Quando nel 2008 ha portato i suoi scatti a Siena, nell’ambito della collettiva «.ZA» sulla giovane arte dal Sudafrica, Zanele Muholi era poco più che un’esordiente. Ma il suo lavoro documentario sulle lesbiche sudafricane e l’odiosa pratica dello “stupro correttivo” loro inflitta, insieme con la scenografica serie sulla drag queen Miss D’Vine, hanno subito fatto breccia, rendendola una delle fotografe contemporanee africane più conosciute.
Non a caso la Fondazione Fotografia Modena l’ha selezionata per il suo contest più prestigioso, il Premio Internazionale per la Fotografia. Il 6 marzo sapremo se sarà lei o no la premiata. Ma, a prescindere dal risultato, alcuni tra i suoi scatti più belli saranno esposti al Foro Boario di Modena fino all’8 maggio (assieme a quelli di altri cinque artisti, tra cui il sudafricano Santu Mofokeng).

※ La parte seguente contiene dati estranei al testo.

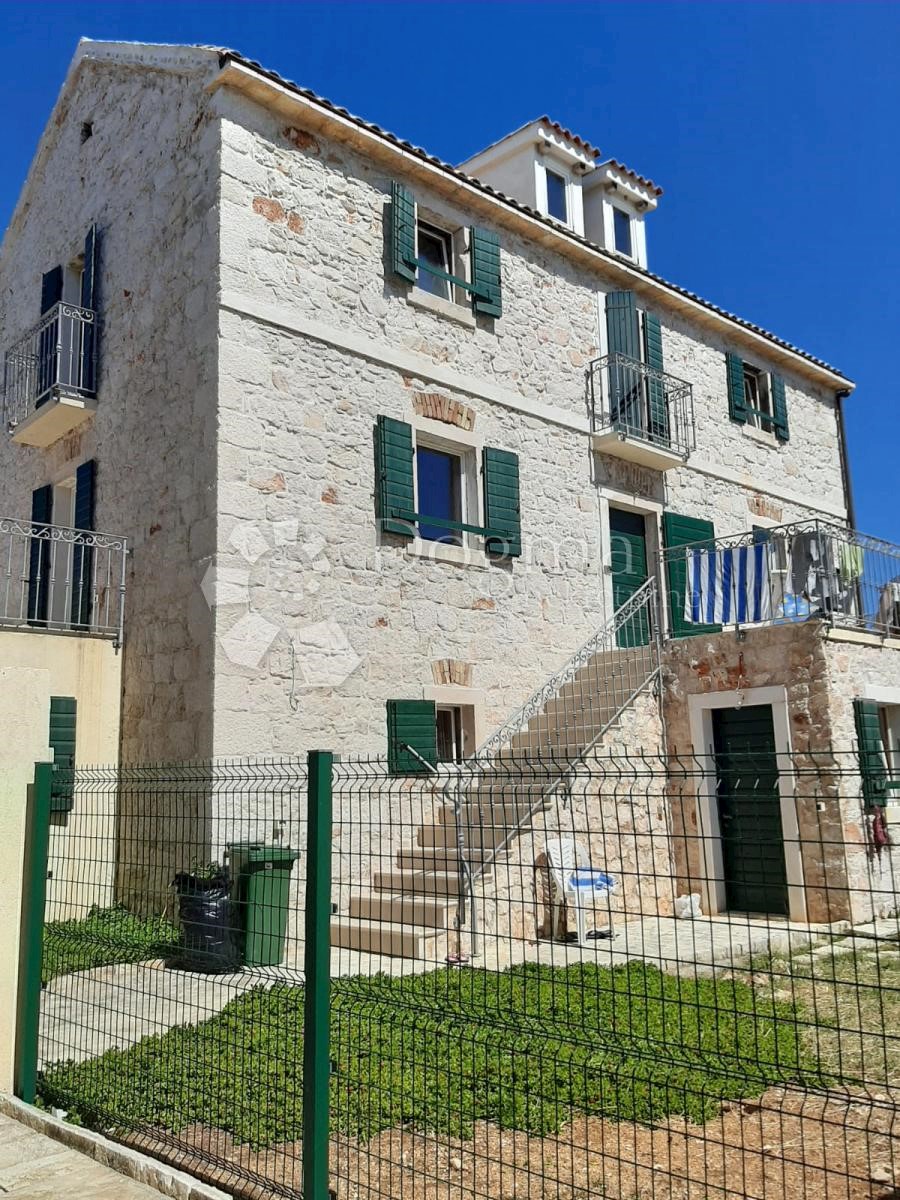 Hiša Kaprije, Šibenik - Okolica, 260m2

Nata nel 1972 vicino Durban, Muholi concepisce la fotografia come strumento di denuncia e indagine sociale. In patria il suo attivismo rimane inviso a molti: ha ricevuto minacce e subito contestazioni. All’estero, invece, continua a riscuotere consenso. Ha esposto in tutto il mondo, partecipato anche a Documenta di Kassel (2012) e guadagnato premi rilevanti come il Prince Claus (2013). I suoi scatti si trovano nelle collezioni del Moma di New York e della Tate Modern di Londra.